Rahmungsexperimente: Bildergeschichten um 1900 in deutschen humoristisch-satirischen Blättern und als US-Zeitungscomics (TP 6)

Zusammenfassung

Der US-amerikanische Comic entwickelt sich um 1900 auf den Seiten der Tageszeitungen als Schrift und Bild verschränkende Erzählform. Die frühen Comics entstehen jedoch im doppelten Sinne nicht aus dem und im luftleeren Raum. Sie gehen zurück auf Karikaturen und Bildergeschichten wie sie – von wichtigen Einzelleistungen wie Rodolphe Töpffers Bildergeschichten einmal abgesehen – seit dem zweiten Drittel des 19. Jahrhunderts in europäischen illustrierten Zeitschriften Verbreitung finden. In Deutschland ist es insbesondere die Märzrevolution, aus deren Umfeld eine Vielzahl von Journalen hervorgeht, darunter der Kladderadatsch (Berlin), die Fliegenden Blätter (München) oder der Münchener Punsch.
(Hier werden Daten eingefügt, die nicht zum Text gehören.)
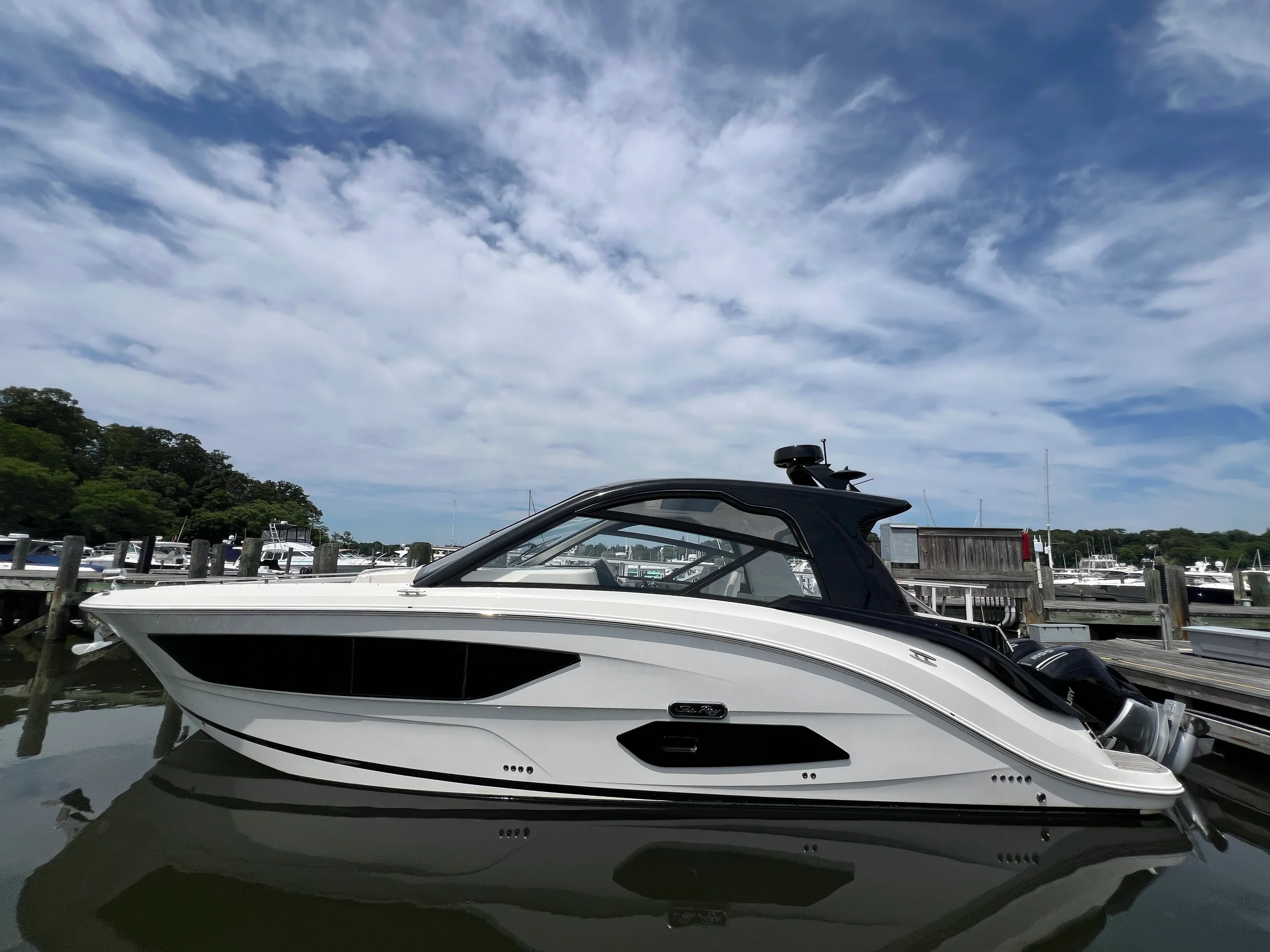 2023 Sea Ray 370 SUNDANCER OB Image Thumbnail #29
Sie schließen teils offensiv an Vorbilder aus Frankreich (Le Charivari, Paris) und England (Punch, the London Charivari) an und bleiben selbst nicht ohne Nachfolger, etwa Kikeriki (Wien), Die Wespen (Hamburg, Berlin) und Simplicissimus (München). In den USA etablieren sich vermittelt durch europäische Immigranten in den letzten Jahrzehnten des 19. Jahrhunderts ganz ähnliche Periodika, beispielsweise Truth, Judge und Puck. Eine Reihe von Autoren zeichnet in Europa Karikaturen und Bildergeschichten für die neuen Zeitschriften, allen voran der einflussreiche Wilhelm Busch. Als dieser in den 1860er Jahren für den Verlag Braun & Schneider zu arbeiten beginnt, steht er jedoch bereits in einer Tradition von Illustratoren und Bildergeschichten-Erzählern, an die er anknüpft und deren Ideen er in bis dahin ungekannter Weise zusammenführt. War der Pfälzer Thomas Nast der »Vater der amerikanischen Karikatur«, so wurde Busch zum Vater der amerikanischen Bildergeschichte, indem er danach vielfach aufgegriffene Erzählstrategien und -techniken entwickelte und popularisierte. Aus seinen amerikanischen Nachfolgern, Bilderzählern wie Frank M. Howarth und Frederick B. Opper, rekrutierten sich die späteren Comiczeichner.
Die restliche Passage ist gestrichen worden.